=== Section Start ===
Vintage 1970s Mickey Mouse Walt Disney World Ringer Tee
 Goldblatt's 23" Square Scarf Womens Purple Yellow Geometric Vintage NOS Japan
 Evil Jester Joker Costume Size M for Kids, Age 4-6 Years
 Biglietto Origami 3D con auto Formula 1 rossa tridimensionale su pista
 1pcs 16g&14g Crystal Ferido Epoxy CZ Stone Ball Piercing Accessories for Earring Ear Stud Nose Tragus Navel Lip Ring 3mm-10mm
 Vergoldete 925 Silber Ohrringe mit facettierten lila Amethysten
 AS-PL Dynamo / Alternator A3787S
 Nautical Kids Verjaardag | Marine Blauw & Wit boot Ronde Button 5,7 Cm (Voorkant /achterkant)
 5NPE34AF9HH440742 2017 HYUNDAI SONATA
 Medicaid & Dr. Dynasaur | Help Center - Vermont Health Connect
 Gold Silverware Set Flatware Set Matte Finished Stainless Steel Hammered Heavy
=== Section End ===
> Task directions: Lines that hold "Vintage" are the ones to copy, so pick each out from the data.

> Result for this exercise:
Vintage 1970s Mickey Mouse Walt Disney World Ringer Tee
 Goldblatt's 23" Square Scarf Womens Purple Yellow Geometric Vintage NOS Japan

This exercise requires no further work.